Jack Coen was born in 1925 in Woodford, County Galway, on the west coast of Ireland, the second of nine children. His family operated a subsistence farm and earned money from raising cattle. When Coen was about eight years old he received a tin whistle for Christmas. This instrument, combined with the old-fashioned tonic sol-fa system of sight singing he learned in the village school, taught him the rudiments of traditional music. At 16, he adapted his tin whistle skills to the fife and joined the "local defense force," becoming a member of its parish fife and drum band. There the band's senior members tutored him on the wooden flute, though he was probably most influenced by his neighbor, Jim Conroy. After Coen finished school, he continued to practice the flute. By then, he was playing regularly in public and supporting himself with farm and road work.
In 1949 Coen moved to the United States. For the first six months, he lived with an uncle in the Bronx, New York. From there, he moved to a thriving Irish community in East Rutherford, New Jersey, where he worked in a produce market. During this period, he didn't play his flute much, except for an occasional party or with another flutist who worked near him. After about a year and a half, Coen moved back to the Bronx, and his uncle helped to find him a job as a lineman for the railroad. At the time, there were many Irish fiddlers in New York, but few flautists, and he came quickly to the fore. In the late 1950s, Coen became active in New York's growing traditional Irish music scene. Recently arrived accordionist Paddy O'Brien and fiddler and tenor banjo player Larry Redican were influential in reviving Coen's flute playing. He formed an association with the New York Ceili Band, and in 1960 the band qualified for the All-Ireland championship.

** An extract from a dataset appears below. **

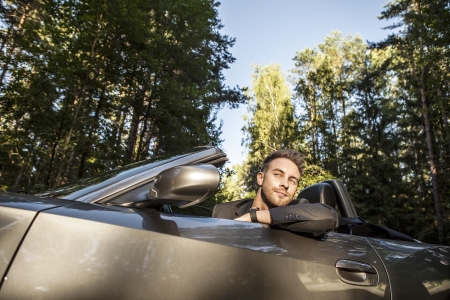 Elegant young happy man in convertible car outdoor   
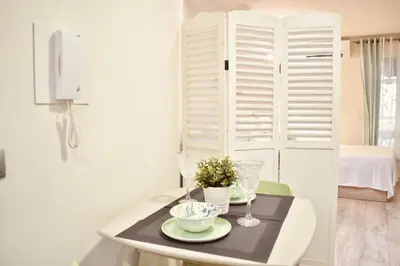 a table with two plates and glasses on it at Estudio con encanto en el casco antiguo de Valencia in Valencia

As the band's popularity waned, Coen started teaching tin whistle and flute to neighborhood children and at community arts centers. Increasingly, his students were attracted more to the silver flute than the traditional wooden flute; the silver flute was more available and easier to play. To save the wooden flute from extinction, Coen and two of his carpenter friends began making their own flutes in the late 1970s. These handmade instruments were acclaimed among Irish music enthusiasts and steadily gained the interest of younger generations of aspiring flautists.